#### [Your assignment]
From the first line to the last, repeat the data exactly and drop the pictures.

#### [Data segment]
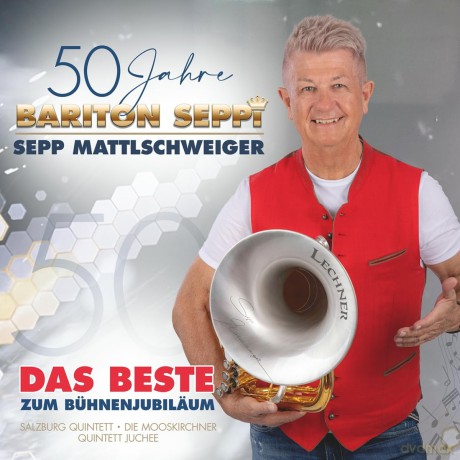 Sepp Mattlschweiger: 50 Jahre Bariton Seppi - Das Beste zum Bühnenjubiläum [CD]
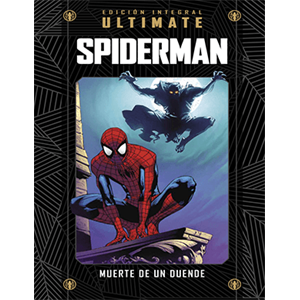 Marvel Ultimate - 33 - Ultimate Spiderman 12: Muerte de un duende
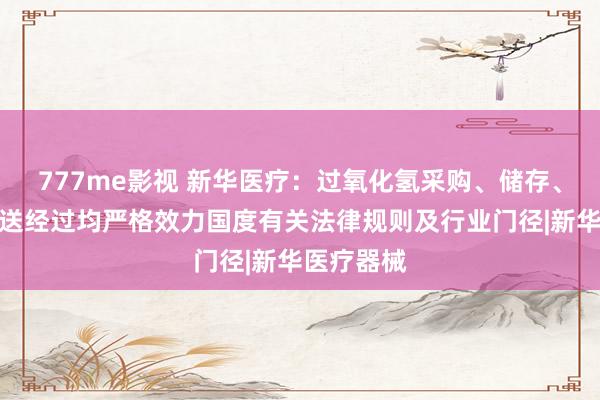 777me影视 新华医疗：过氧化氢采购、储存、使用和输送经过均严格效力国度有关法律规则及行业门径|新华医疗器械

#### [Task answer]
 Sepp Mattlschweiger: 50 Jahre Bariton Seppi - Das Beste zum Bühnenjubiläum [CD]
 Marvel Ultimate - 33 - Ultimate Spiderman 12: Muerte de un duende
 777me影视 新华医疗：过氧化氢采购、储存、使用和输送经过均严格效力国度有关法律规则及行业门径|新华医疗器械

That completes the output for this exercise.